[[ Exercise data open ]]

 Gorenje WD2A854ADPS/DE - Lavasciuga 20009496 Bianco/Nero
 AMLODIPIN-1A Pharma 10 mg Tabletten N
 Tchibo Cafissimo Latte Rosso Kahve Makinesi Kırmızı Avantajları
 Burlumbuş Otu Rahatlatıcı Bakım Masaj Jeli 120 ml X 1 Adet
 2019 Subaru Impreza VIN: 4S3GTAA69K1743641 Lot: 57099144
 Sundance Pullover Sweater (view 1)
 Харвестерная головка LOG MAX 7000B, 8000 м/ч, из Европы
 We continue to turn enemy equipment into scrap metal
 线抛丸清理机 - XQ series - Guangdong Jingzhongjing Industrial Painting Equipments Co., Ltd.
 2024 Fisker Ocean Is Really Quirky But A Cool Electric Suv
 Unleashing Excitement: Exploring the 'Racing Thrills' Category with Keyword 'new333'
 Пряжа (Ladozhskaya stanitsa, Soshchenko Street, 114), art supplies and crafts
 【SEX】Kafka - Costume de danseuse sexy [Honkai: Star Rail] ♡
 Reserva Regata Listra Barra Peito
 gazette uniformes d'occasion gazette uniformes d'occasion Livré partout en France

[[ Exercise data closed ]]

## About this exercise
Tail of the listing, starting at the line with "Пряжа (Ladozhskaya stanitsa, Soshchenko" and ending at the last line: output it exactly and add nothing.

## Answer to this task
 Пряжа (Ladozhskaya stanitsa, Soshchenko Street, 114), art supplies and crafts
 【SEX】Kafka - Costume de danseuse sexy [Honkai: Star Rail] ♡
 Reserva Regata Listra Barra Peito
 gazette uniformes d'occasion gazette uniformes d'occasion Livré partout en France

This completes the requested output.